Sunday, March 22, 2020

Market and Life Chaos


Market and Life Chaos
Bill
Heritage and Blood
By Stephen L. Wilmeth



            The cattle market is uncharting.
            The indicators are demonstrating apoplectic movements as if there is no roadmap to any points of the compass. Trying to make sense of it is an experience somewhere between shock and anger. Look at the indicators. A reasonable assessment would lead a first-time visitor to any American supermarket to believe there is a national shortage of beef. In fact, it is so acute it seems to be matched only by the disappearance of toilet paper. Where on earth have these standards of living gone?
            At one point last Thursday, there were exactly five one pound packages of hamburger at Walmart in Deming. When did that last happen?
Conversing with the sales associates, updates are offered as to when shipments are expected. They aren’t sure. Skepticism seeps into their opinion as to the authenticity of what is actually happening. Trucks aren’t arriving with expected products.
Empty displays don’t do much for allaying fears of shortages. It only stimulates buying when and where anything can be found. The obvious is at hand. It is hard to deny the fact normal supply chains in the beef business are essentially empty.
Evaluating livestock auction results over the past six weeks, though, certainly doesn’t suggest there is a shortage of live cattle. Prices are mixed and generally suggest the market is going to be better than 2019, but the uncertainty can and has erased supply pull factors. Prices don’t reflect underlying demand. Prices don’t reflect short numbers of calves, either. For example, try to find straight loads of 450 weight steer calves to finish orders for grass and wheat needs in northeastern New Mexico and the Panhandle of Texas.
They don’t exist.
Then look at what prices are being offered for those calves of such limited quantity.
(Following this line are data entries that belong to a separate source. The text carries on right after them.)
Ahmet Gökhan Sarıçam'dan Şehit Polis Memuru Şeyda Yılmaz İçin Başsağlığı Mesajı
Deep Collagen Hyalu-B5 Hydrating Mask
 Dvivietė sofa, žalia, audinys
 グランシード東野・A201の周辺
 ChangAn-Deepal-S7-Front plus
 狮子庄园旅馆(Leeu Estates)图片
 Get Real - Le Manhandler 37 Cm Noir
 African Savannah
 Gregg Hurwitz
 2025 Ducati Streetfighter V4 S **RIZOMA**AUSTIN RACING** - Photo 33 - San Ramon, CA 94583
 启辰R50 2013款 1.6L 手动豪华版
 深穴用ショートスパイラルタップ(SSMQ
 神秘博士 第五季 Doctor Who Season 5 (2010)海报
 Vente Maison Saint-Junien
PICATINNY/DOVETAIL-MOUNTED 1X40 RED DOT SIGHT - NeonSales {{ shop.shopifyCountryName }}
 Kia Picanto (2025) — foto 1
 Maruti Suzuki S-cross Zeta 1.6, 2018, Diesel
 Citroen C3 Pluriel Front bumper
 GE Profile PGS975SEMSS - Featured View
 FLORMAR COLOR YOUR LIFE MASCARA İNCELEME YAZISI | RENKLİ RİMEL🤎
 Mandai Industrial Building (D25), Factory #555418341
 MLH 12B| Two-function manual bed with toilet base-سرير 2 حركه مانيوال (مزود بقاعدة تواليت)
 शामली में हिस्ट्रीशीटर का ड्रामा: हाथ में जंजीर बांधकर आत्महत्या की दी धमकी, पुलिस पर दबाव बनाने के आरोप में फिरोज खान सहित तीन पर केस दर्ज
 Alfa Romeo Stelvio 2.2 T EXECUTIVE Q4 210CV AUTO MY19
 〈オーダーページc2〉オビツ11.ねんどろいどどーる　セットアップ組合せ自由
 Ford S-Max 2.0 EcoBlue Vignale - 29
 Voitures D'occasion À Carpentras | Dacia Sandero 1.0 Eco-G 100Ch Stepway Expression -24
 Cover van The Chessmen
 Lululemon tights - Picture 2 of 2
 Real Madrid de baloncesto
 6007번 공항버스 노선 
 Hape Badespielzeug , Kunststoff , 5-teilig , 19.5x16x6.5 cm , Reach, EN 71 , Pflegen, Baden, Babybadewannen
The market is upside down. The board is gyrating as it tries to mimic the actions of Wall Street, and, what the traders are looking for, they are going to find. Panic is a self-fulfilling prophesy. Run for the doors screaming and hollering!
 It will only get worse.
The grass is going to get greener as it warms, and those wheat fields needing calves for grazeout are only going to look less crowded. Maybe the market isn’t as true as it should be, but it is what it is, and Walmart is empty.
Bill
What is a 50-year span of time other than a bunch of days strung together?
We ended that drought when I found a number and called him on Friday. Too long it has been. I can remember the first time we met. Our mothers were standing talking after having told us we were related. At that time, he had never seen me, and I had never seen him. Both of us were using our mothers as shields as we angled around eyeing and sizing up one another. He wasn’t dressed like a city boy, and that was an immediate bridge. He had boots on.
We kicked the dirt one after the other.
His mother said he liked to play baseball. I was alright with that.
He had a horse. Well, alright!
You need to come ride with him. You bet!
And, we became friends as well as cousins. We played baseball on the same little league team and were undefeated over a two-year span. We played football together and experienced only those things that teammates under Friday night lights can understand. We ran track together and when he was a high school senior and I was a junior we ran on a regionally undefeated mile medley relay team until the state finals. The night of the finals a thunderous storm dumped a sea of water into what used to be University Stadium on the campus at UNM. He helped me set the blocks for the first 220 leg. We were standing in ankle deep water in the inside lane. The outside lanes were dry. We tried to protest, but they made us run anyway.
We didn’t win.
Then life took us in different directions. What we had but didn’t always know was a common heritage. In time, I finally understood how the family connection was configured. It came about variously, but the story of how his grandfather was named was part of it. Bill has Texas in his roots, too. His maternal great grandmother arrived in New Mexico in 1882. She was the sister of my maternal great great grandfather who arrived two years later.
When a baby was born to that grandmother, her young nephew (one of the sons of her brother) was asked what they should name the baby. Name him after me, the boy said.
So, it was that my own great grandmother’s brother, Tom Shelley, named new baby boy, Tom Cox. They would be raised close together, and their lives were forever intertwined with colorful heritage and blood.
Heritage and Blood
Life and livestock markets don’t always conform to hoyle.
Starts and stops, defeats and victories, and uncertainty are present. Life stories they become. What we can hope for is reasonable health, relationships with God and family, and good endings. If we have success, we should be grateful, but when you reach a certain point, success is only a conditional subject, anyway. What you overcame and who is there with you at the end is most important.
What shaped you before you were even you becomes more interesting as well.
Bill Conner and I lived in transitional times. The influence of our family, especially our grandfathers, was a large driver. They taught us to wear boots and made sure we had hats. Good, bad, or indifferent, their lives and what shaped them were imprinted upon us, and, unknowingly, we carried on a worldly impersonation of them.
Now, we have some catching up to do, and … I look forward to it.


Stephen L. Wilmeth is a rancher from southern New Mexico. “Hey, Cuz!”